### Problem details
Repeat each entry exactly, but do not carry over the pictures.

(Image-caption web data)
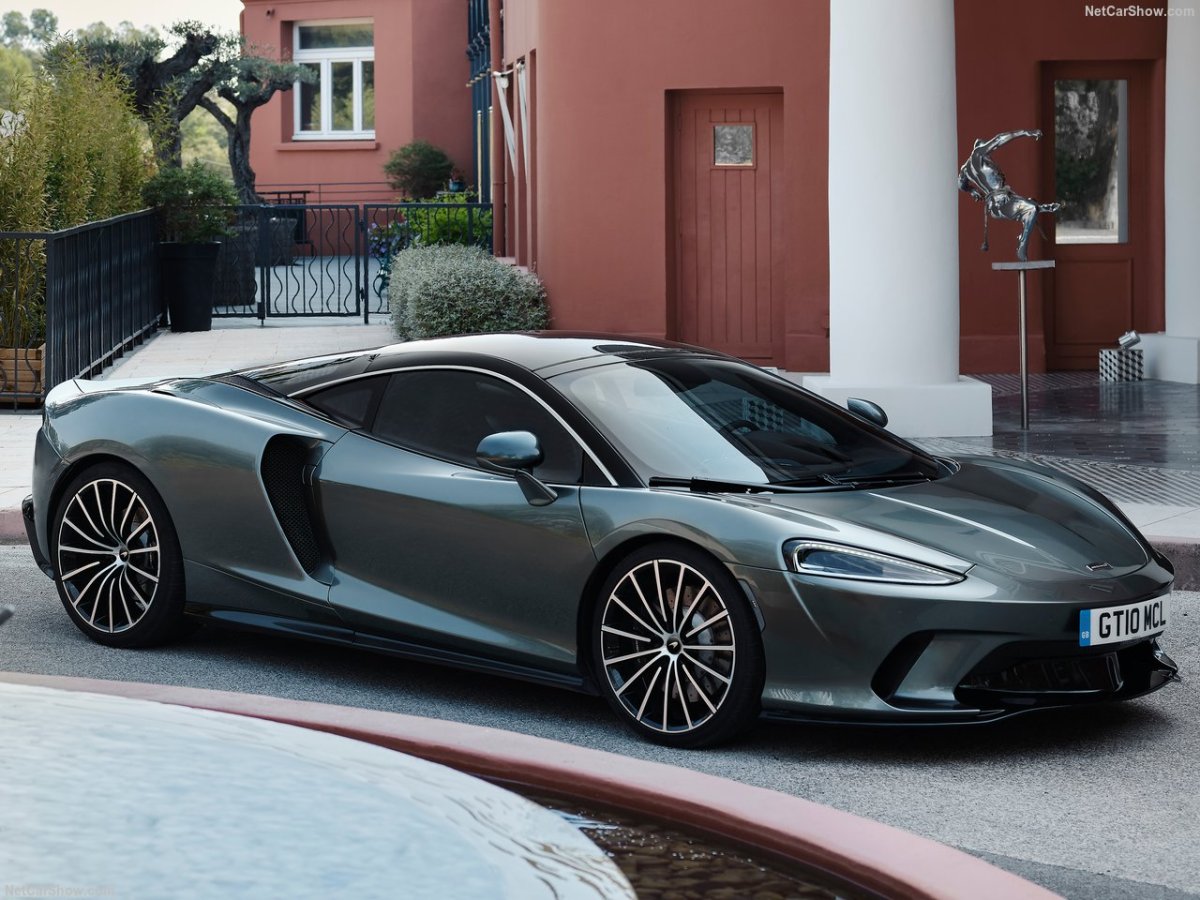 MCLAREN gt 2020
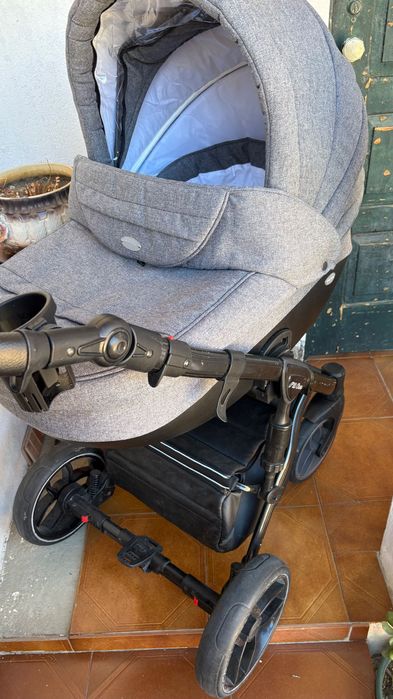 Carrinho de bebê 3 em 1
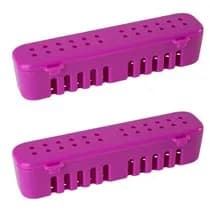 Estojo para Esterilização Plástico 20,8x5,10x4,7cm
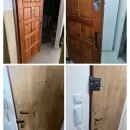 Montaż zamków w drzwiach zewnętrznych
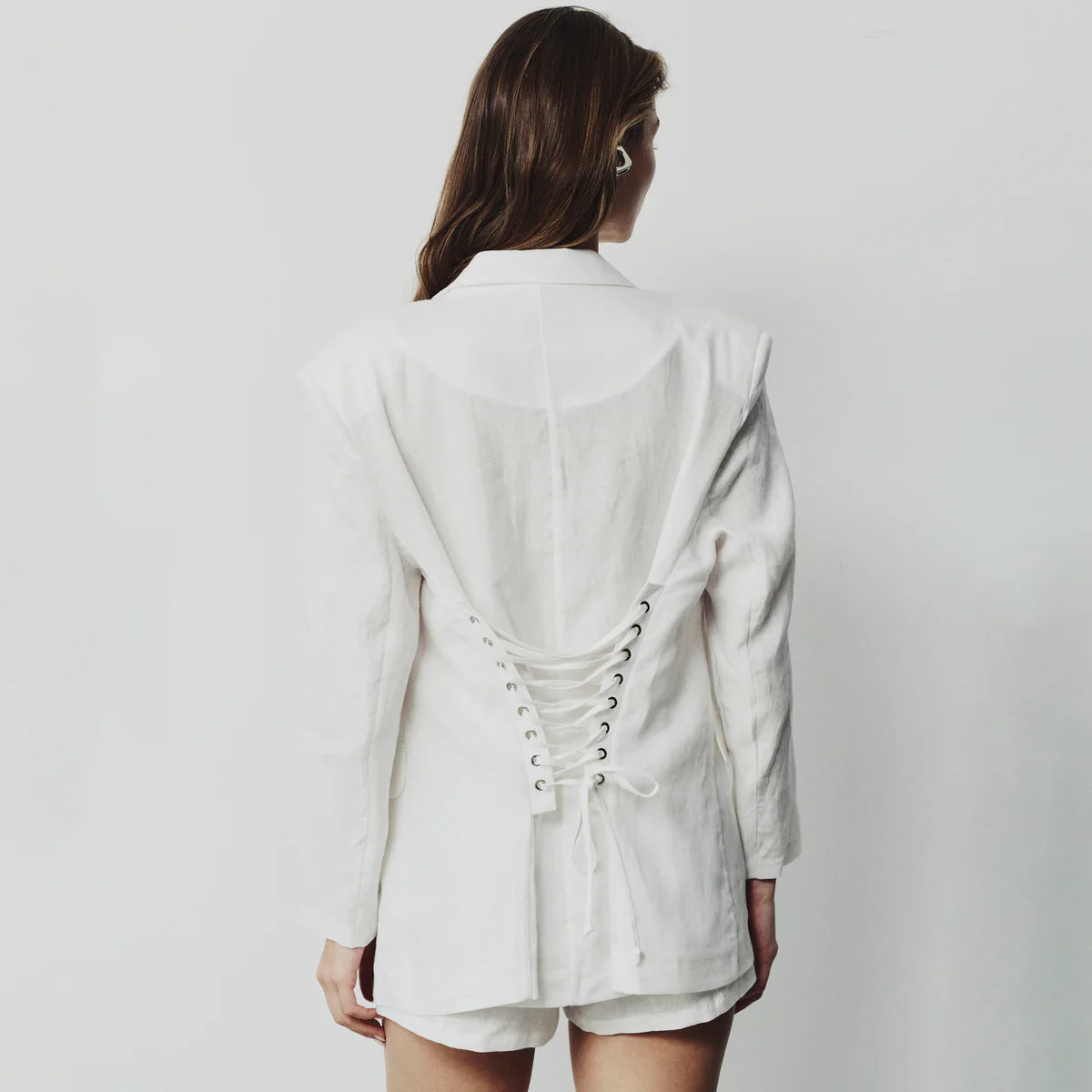 ALLEGRA LINEN JACKET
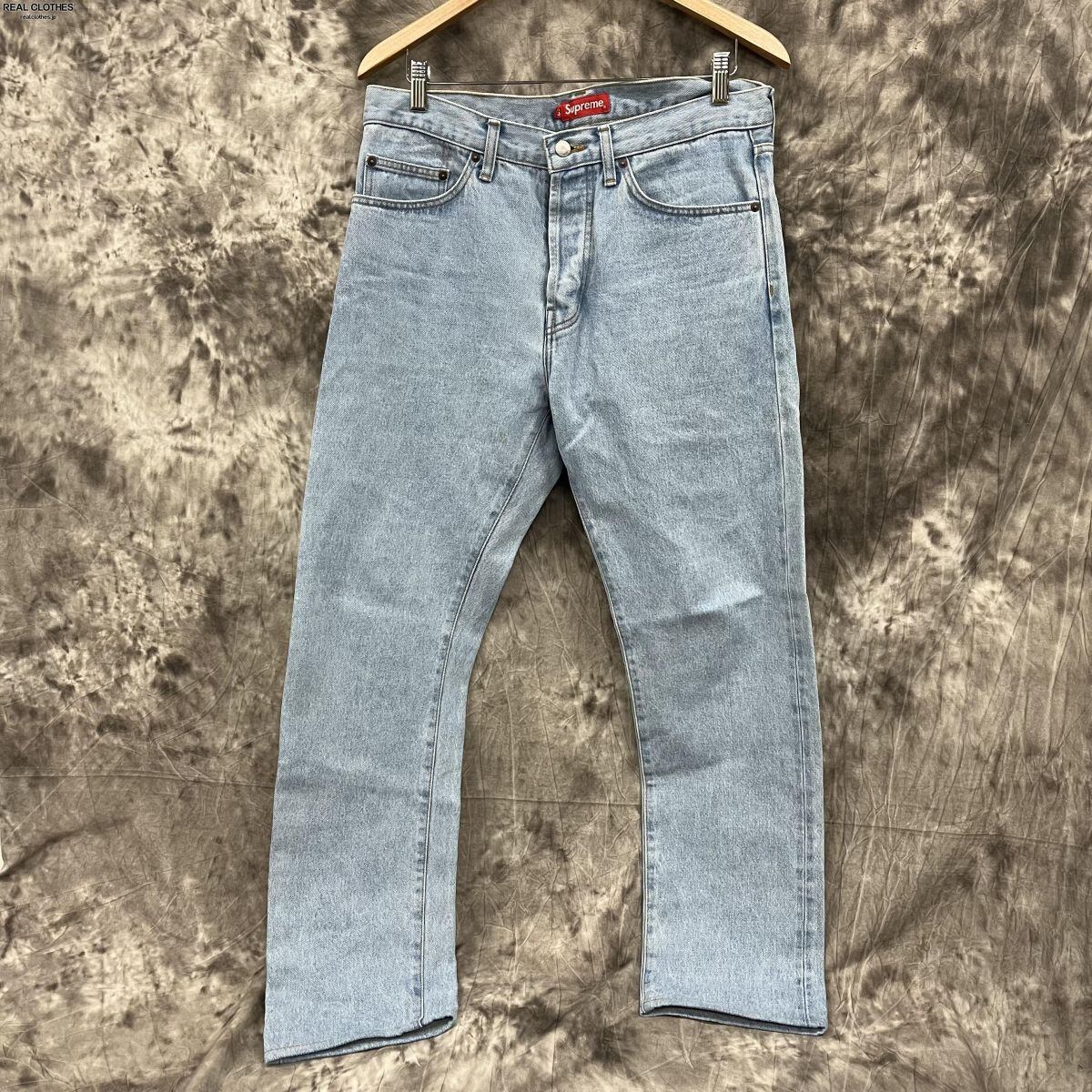 Supreme/シュプリーム【23SS】Stone Washed Slim Jean/ストーン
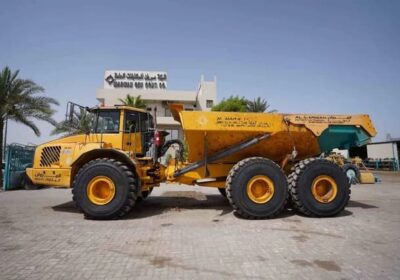 2009-volvo-a40e-articulated-dump-truck-left-view-ad-0310-1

### Response to the exercise
 MCLAREN gt 2020
 Carrinho de bebê 3 em 1
 Estojo para Esterilização Plástico 20,8x5,10x4,7cm
 Montaż zamków w drzwiach zewnętrznych
 ALLEGRA LINEN JACKET
 Supreme/シュプリーム【23SS】Stone Washed Slim Jean/ストーン
 2009-volvo-a40e-articulated-dump-truck-left-view-ad-0310-1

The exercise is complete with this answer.